Jean-Pierre Dopagne, J’ai faim, Lansman éd.
La dernière pièce de Jean-Pierre Dopagne? Vous voulez dire, qu’il n’en écrira plus dans la suite? A la mort de Dickens, un petit Anglais demandait si le père Noël allait mourir aussi.
C’est que quelque chose d’essentiel va nous manquer, désormais. Il est significatif que cette pièce ait été jouée dans la Marolle, où la pauvreté existe toujours. N’ayons pas peur des mots. Michel Voiturier, de son côté, a repris Adrien. On ne joue pas n’importe quoi n’importe où avec n’importe qui.
Une vieille pauvresse, devant un salon de coiffure. Un candidat aux élections. C’est de saison, ils fleurissent à foison, et s’éteignent à mesure, à peine le temps d’avoir brillé, sur l’air des lampions. Faillite de l’Europe? Faillite de la démocratie? Faillite de la paix? Jamais nous ne nous serons sentis autant en porte-à-faux. Et la pièce de Jean-Pierre vient à point pour nous rappeler que les choses ont un envers, et que ce qui nous semble assuré ne l’est pas tant que cela. Non, le théâtre de Jean Louvet n’est pas démodé. Le théâtre de l’absurde n’est pas dépassé. Ubu Roi n’a pas fini de régner.
Oui, il est temps, plus que temps, que l’on reparle travail. Pauvreté.

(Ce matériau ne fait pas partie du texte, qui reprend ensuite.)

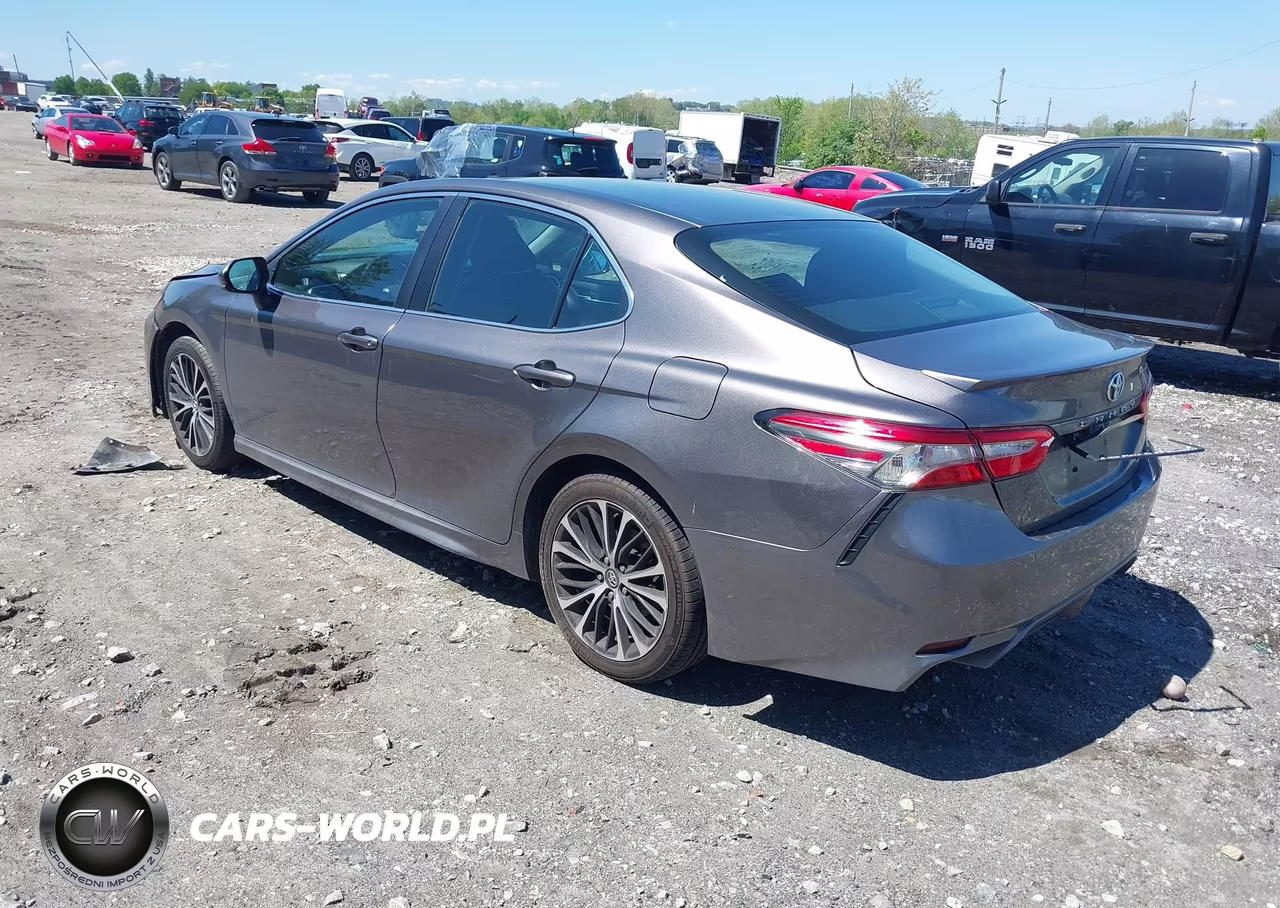 2018 Toyota Camry Se VIN:4T1B11HK5JU128273 - 3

Vieillesse. Jeunesse, et enseignement. Et dénuement. A la page 45, ô ironie, la salle des anciens abattoirs de la ville est réservée aux SDF pendant les fêtes. Et le romancier nous dit, à la p.58: Qu’est-ce que tu penses de cette idée, Sarah: une ville accueillante aux SDF? Une ville où les SDF bourdonneraient comme des abeilles dans une ruche? Parce qu’il y fait bon vivre. Une espèce de Club Med des SDF. Sarah, qu’est-ce que tu en penses?
Mais Sarah, sa coiffeuse lui a dit que la vieille pauvresse avait un GSM. Alors, ça fait la voix off et la voix on, la voix du romancier et celle de sa femme. Et c’est comme dans le vie, c’est le plus souvent la voix on que l’on entend.
Au revoir, Jean-Pierre. Pas adieu. On t’écoute. On t’écoute toujours.